INSTRUCTIONS TO FOLLOW -> Skip every picture, and output exactly the lines starting at the one with "科技重塑保障，五险科技产品引领生活精彩变革！" and running through the last line of the material below.

DATA SHOWN ->
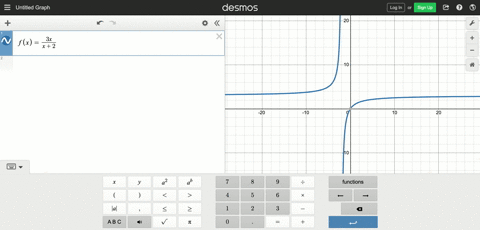 for-each-rational-function-a-find-the-intercepts-for-the-graph-b-determine-the-domain-c-find-any-v-9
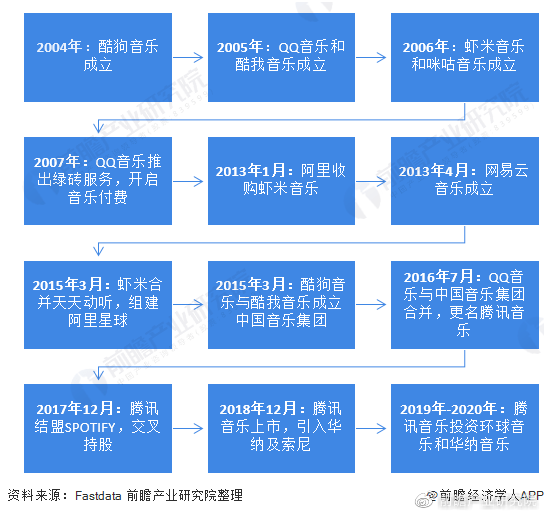 科技重塑保障，五险科技产品引领生活精彩变革！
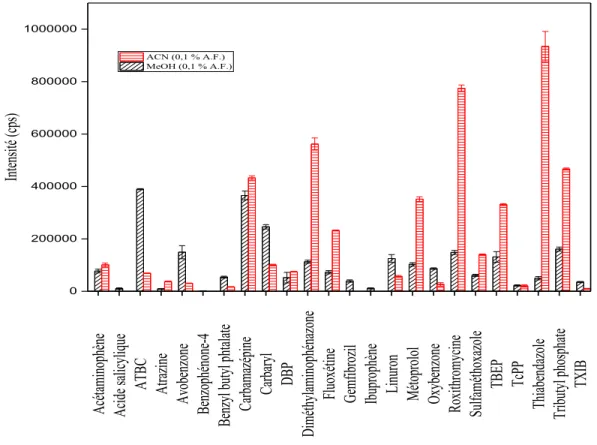 Figure  13.  Intensité  d’ionisation  pour  les  contaminants  modèle  ayant  le  plus  ionisés  en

SOLUTION ->
 科技重塑保障，五险科技产品引领生活精彩变革！
 Figure  13.  Intensité  d’ionisation  pour  les  contaminants  modèle  ayant  le  plus  ionisés  en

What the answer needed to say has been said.